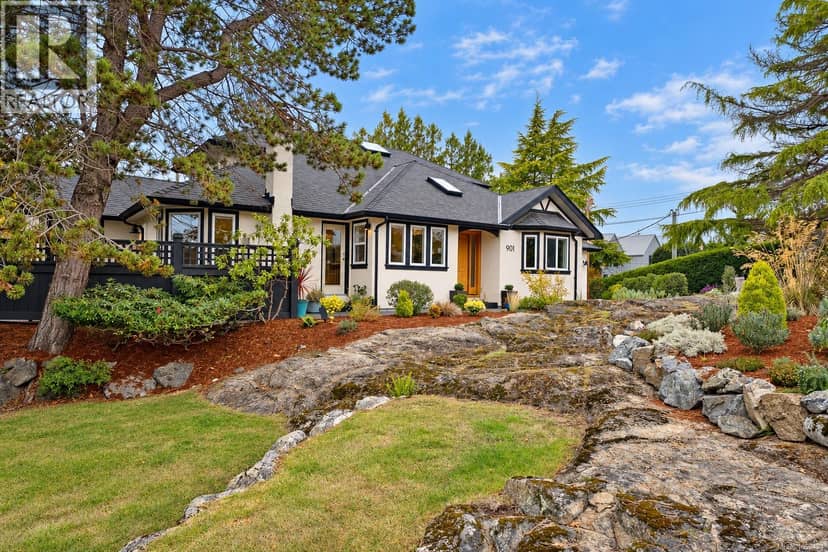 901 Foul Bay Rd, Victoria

--

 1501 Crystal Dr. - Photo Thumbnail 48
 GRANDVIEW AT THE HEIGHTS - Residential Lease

### [PROBLEM TO WORK ON]
Could you reproduce, exactly, every line above from the line with "1501 Crystal Dr. - Photo Thumbnail 48" to the line with "GRANDVIEW AT THE HEIGHTS - Residential Lease", and no other line? Both ends count.

### [RESULT]
 1501 Crystal Dr. - Photo Thumbnail 48
 GRANDVIEW AT THE HEIGHTS - Residential Lease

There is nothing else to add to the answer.